Assignment –
Using the data below, copy out all lines with the word "design".

Dataset entries –
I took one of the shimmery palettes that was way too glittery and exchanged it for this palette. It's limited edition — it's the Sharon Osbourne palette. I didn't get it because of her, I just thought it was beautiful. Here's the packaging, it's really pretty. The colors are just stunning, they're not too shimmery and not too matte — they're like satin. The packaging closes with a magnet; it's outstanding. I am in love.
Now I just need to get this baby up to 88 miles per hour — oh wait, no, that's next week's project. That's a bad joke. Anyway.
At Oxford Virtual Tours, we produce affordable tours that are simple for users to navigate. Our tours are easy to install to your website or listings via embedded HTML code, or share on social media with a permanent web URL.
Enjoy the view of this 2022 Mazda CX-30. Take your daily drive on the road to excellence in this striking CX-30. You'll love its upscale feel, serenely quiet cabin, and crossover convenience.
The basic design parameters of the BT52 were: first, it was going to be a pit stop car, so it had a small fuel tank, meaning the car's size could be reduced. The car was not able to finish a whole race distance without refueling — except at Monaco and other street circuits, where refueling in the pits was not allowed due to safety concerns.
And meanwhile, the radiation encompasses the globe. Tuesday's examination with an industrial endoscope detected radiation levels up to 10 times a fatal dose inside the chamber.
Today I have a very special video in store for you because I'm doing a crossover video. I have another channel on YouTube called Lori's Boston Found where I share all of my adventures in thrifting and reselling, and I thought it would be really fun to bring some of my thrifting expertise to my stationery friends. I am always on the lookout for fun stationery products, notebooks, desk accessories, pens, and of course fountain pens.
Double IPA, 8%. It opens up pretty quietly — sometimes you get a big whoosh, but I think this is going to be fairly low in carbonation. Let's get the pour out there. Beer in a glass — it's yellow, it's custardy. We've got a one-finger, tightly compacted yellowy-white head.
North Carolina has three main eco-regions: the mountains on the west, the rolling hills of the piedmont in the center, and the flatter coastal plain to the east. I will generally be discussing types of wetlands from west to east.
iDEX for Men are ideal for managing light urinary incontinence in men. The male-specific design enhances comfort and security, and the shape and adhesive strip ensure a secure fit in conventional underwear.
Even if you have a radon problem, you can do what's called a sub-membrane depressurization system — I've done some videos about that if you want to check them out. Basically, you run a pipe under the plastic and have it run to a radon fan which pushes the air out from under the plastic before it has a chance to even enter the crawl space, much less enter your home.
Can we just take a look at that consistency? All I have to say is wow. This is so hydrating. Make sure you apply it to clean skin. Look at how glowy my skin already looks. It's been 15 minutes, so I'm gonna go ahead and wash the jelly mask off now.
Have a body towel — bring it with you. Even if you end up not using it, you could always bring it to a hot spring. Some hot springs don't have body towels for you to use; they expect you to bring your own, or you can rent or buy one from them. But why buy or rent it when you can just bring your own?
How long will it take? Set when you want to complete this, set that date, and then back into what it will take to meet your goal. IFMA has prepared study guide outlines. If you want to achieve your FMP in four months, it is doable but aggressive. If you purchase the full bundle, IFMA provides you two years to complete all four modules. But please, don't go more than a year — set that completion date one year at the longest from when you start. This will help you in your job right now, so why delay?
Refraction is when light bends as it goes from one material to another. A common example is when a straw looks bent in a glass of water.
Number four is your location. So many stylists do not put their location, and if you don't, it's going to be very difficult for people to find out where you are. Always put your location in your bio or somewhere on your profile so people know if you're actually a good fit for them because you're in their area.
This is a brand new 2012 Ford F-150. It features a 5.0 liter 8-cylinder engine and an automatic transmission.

Expected answer –
The basic design parameters of the BT52 were: first, it was going to be a pit stop car, so it had a small fuel tank, meaning the car's size could be reduced. The car was not able to finish a whole race distance without refueling — except at Monaco and other street circuits, where refueling in the pits was not allowed due to safety concerns.
iDEX for Men are ideal for managing light urinary incontinence in men. The male-specific design enhances comfort and security, and the shape and adhesive strip ensure a secure fit in conventional underwear.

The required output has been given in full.